One minute went by. Then two. Then three. What in the heck? Isn’t this supposed to be at least double the speed of the older models? When the unit finally powered up, we were greeted by the usual Setup Wizard. After canceling out of that (I can remove languages manually, athankyou) it was time to explore the device. At first glance, the first thing you’ll see is obviously the gorgeous screen on the 9000. We can safely say that this is the best screen we’ve ever seen on a mobile device. Hands down. So, yeah, after messing around with a couple applications and exploring, it was time to turn on wireless and connect to AT&T’s mothership. 5 bars of service showed up with the GSM indicator. Then EDGE. Oh boy, we’re so close! Finally 3G appeared. We were in business! But not so fast. No sooner than the 3G indicator showed up, the device for some reason restarted. All ‘Berry lovers will know this all too well. Red LED, black screen. After waiting for another three or four minutes for the device to power up again, the same thing happened! Everything was ok until we tried to turn wireless on. Oh bother. What now? The Bold did this in an endless loop for a good two hours. The battery was only at 40% so we figured we’d let it keep passing out until it was fully charged. Bad plan because that didn’t help. After managing to sneak in right at start-up and turn off wireless mode, the device was stable again. Great. What good is a BlackBerry as a PDA? Don’t answer that. By now we practically had a gun pointed to our heads. We messed with a Bold before, but we can’t even use our first unit? After a quick call to one of our BlackBerry ninjas, we were promptly sent an updated software build. Now it was time to update the OS.
We opened up Desktop Manager 4.5 and proceeded to update the device. This part totally blew us away! Gone are the days of a 30-45 minute backup and update. It probably took no more than 6 minutes to backup the device, erase the applications, load the system software and what not. The only part that took a little bit was waiting for the device to initialize after everything was done. As soon as we booted up with the new OS, we were good! The Bold connected to the network just fine and we did our enterprise activation. First thing we did? Check out BlackBerry Messenger! God knows if there’s one thing making us keep out BlackBerrys… The new client isn’t drastically different but has some semi-cool additions. For instance, the layout is the same but graphics for online, away, and unavailable have changed. You can set an alert so you are notified when a buddy comes back online, and you can broadcast a message to everyone you have an open conversation with. Digging a little deeper into Messenger, we found that you can enable an option to change your status when you are on the phone, and even change your status automatically to reflect whatever MP3 you are playing on the device. Totally iChatish, but not that bad.
After Messenger, it was on to the browser.
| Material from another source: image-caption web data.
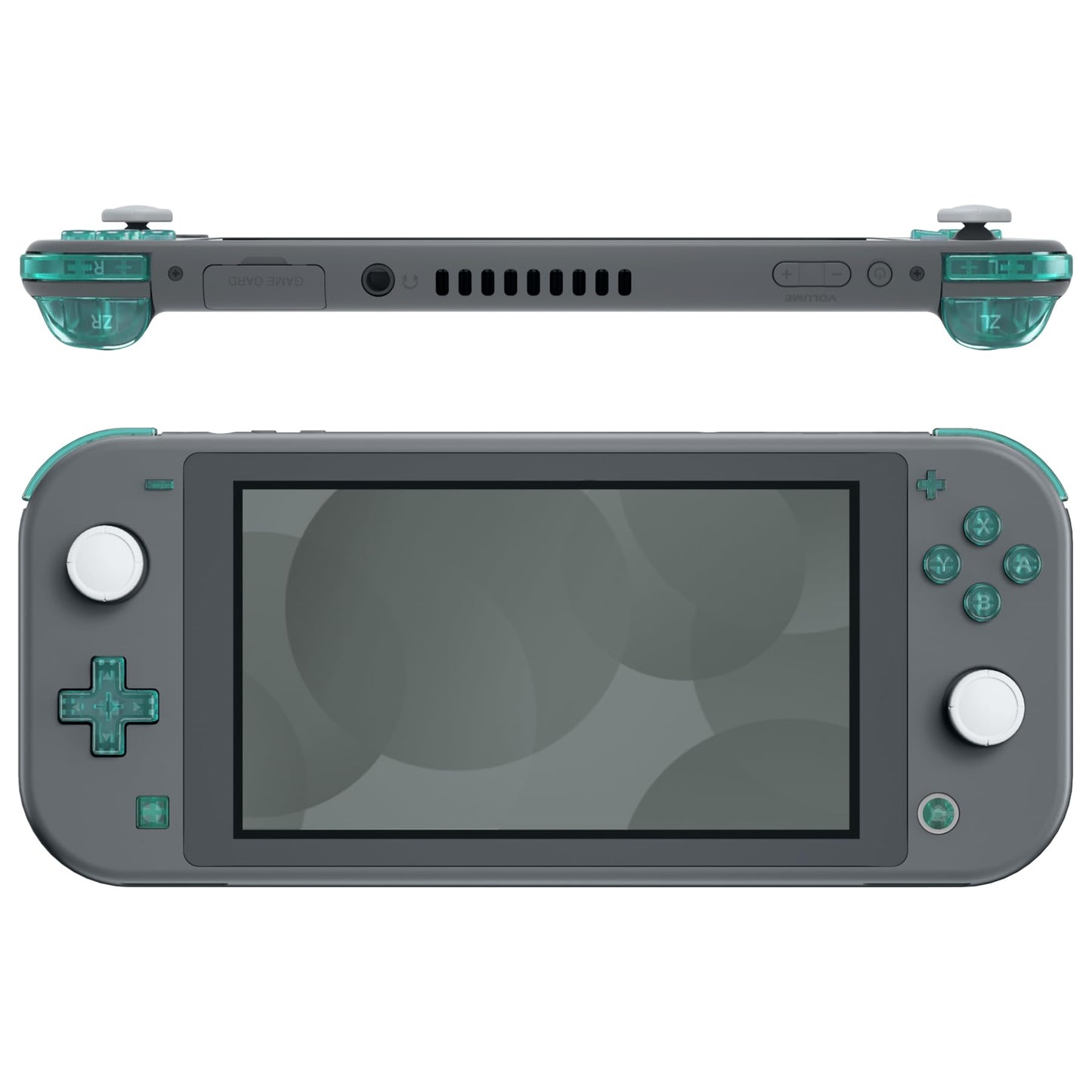 eXtremeRate Emerald Green Replacement ABXY Home Capture Plus Minus Keys Dpad L R ZL ZR Trigger for Nintendo Switch Lite  Full Set Buttons Repair Kits with Tools for Nintendo Switch Lite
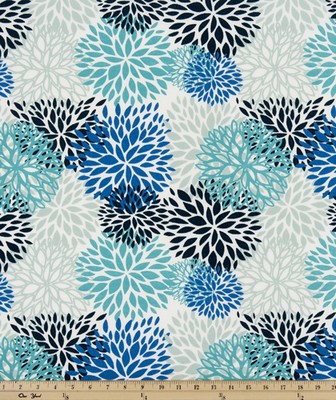 Premier Prints ODT Blooms Blue Vista BLUE VISTA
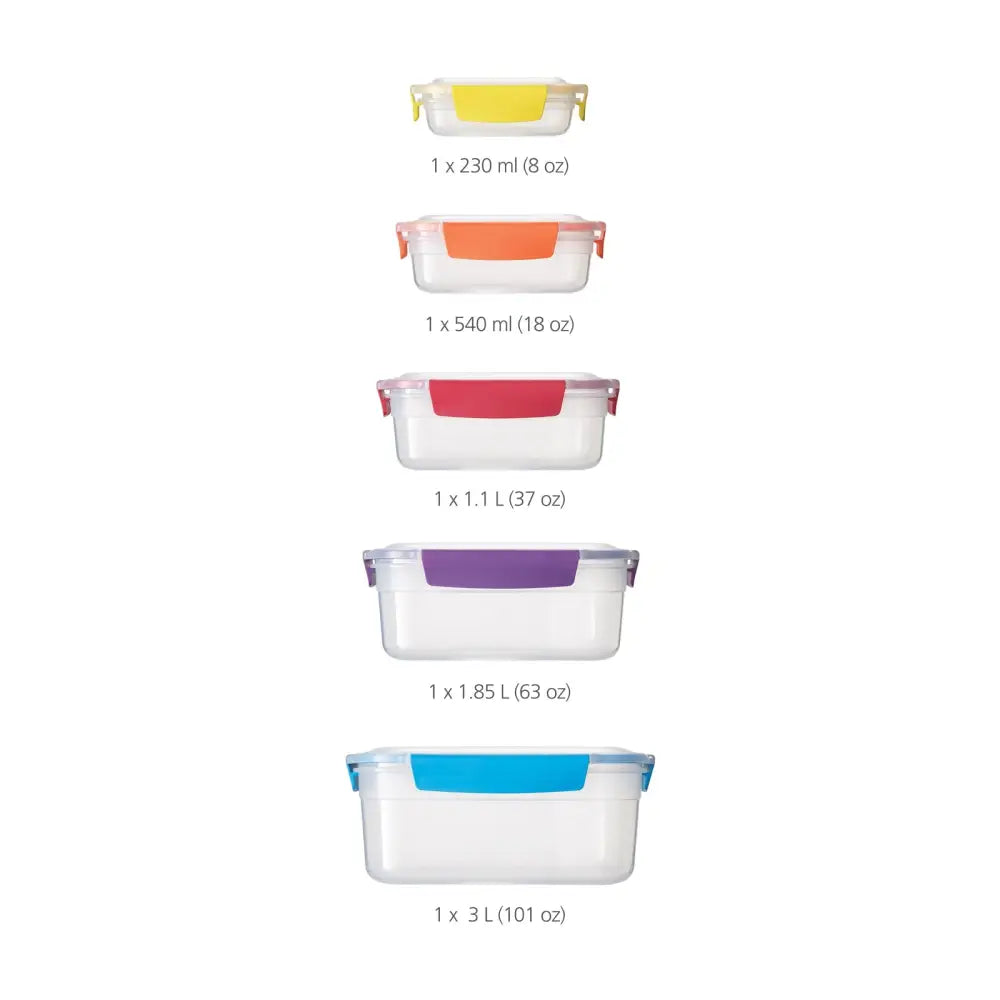 Набір контейнерів харчових 5шт. Joseph Joseph Nest 81081 - Food Storage Set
At first, nothing looked different at all. That was until we brought up BGR on it. The BlackBerry web browser has indeed been redone to act more like a web browser and not a piece of garbage 1990’s WAP browser. Pages render awfully quick over 3G, and even on EDGE. They are formatted 90% of the time correctly and images look sharp and crisp. You’ve now got new controls with the trackball. Instead of just a mouse cursor like before, the default setting is a zoom key. Just scroll over what you’d like to zoom into, press the trackball and zoom. This can also be achieved by pressing “i” and “o” for zoom in and zoom out respectively on the keyboard.
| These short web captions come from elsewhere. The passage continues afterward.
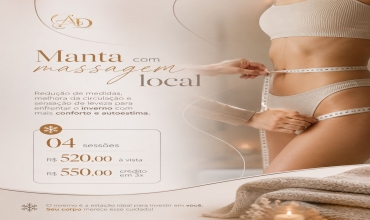 Manta com massagem local
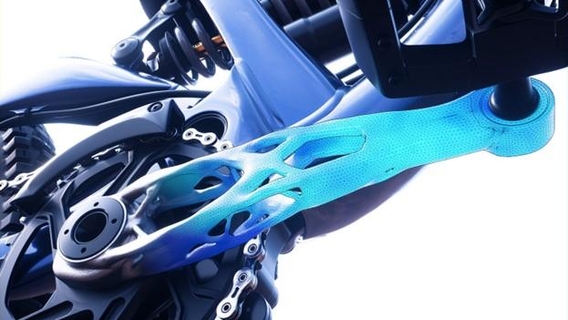 퓨전 360의 제너레이티브 디자인으로 제작된 자전거 부품. / 오토데스크 코리아 제공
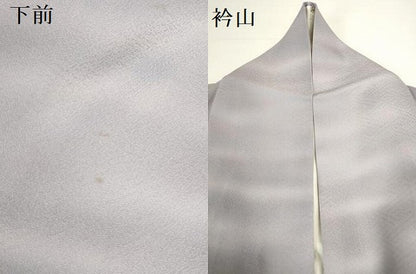 平和屋着物▼虹色創家　本郷大田子　小紋　霞文　暈し染め　正絹　逸品　DABI5525op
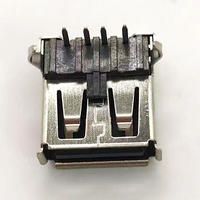 Connecteur femelle USB Type C 2.0 FOXECO, bornes à souder, chargeur, matériau LCP, modèle USS-100130, 4 broches Pogo, plaqué or, PCB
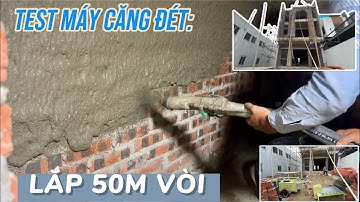 [THANH HOÁ] Bàn giao máy phun vữa HBT10+13 phiên bản Cao Cấp cho anh Vũ. Máy phun Chuẩn, Chất Lượng.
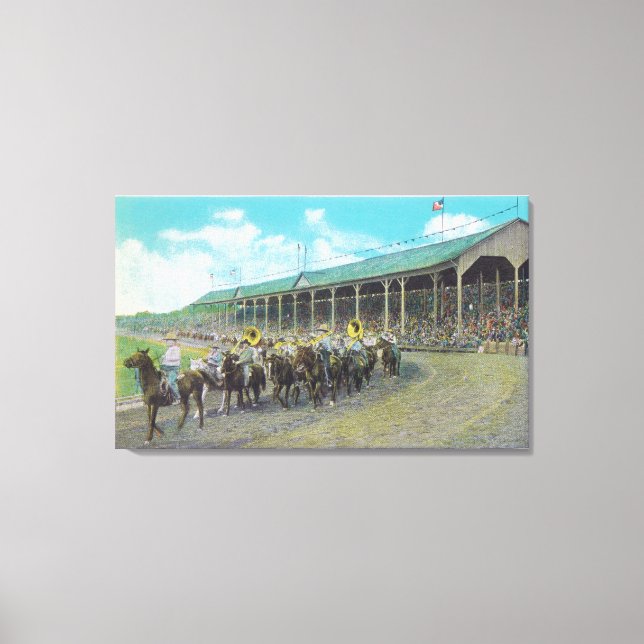 Famous Cowboy Band at the Round-Up Canvas Print (Front)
We fired off some emails on the keyboard, made some phone calls, and started to sit back, relax, and have fun with our new BlackBerry Bold. Battery life improved 10 fold when the new OS was installed, and the overheating we noticed quickly dissipated. It still gets a little warm when you’re freakin’ it, but oh well. Here’s the full review on the device and the most recent software build. We’re not basing the review on the extremely crappy builds before this.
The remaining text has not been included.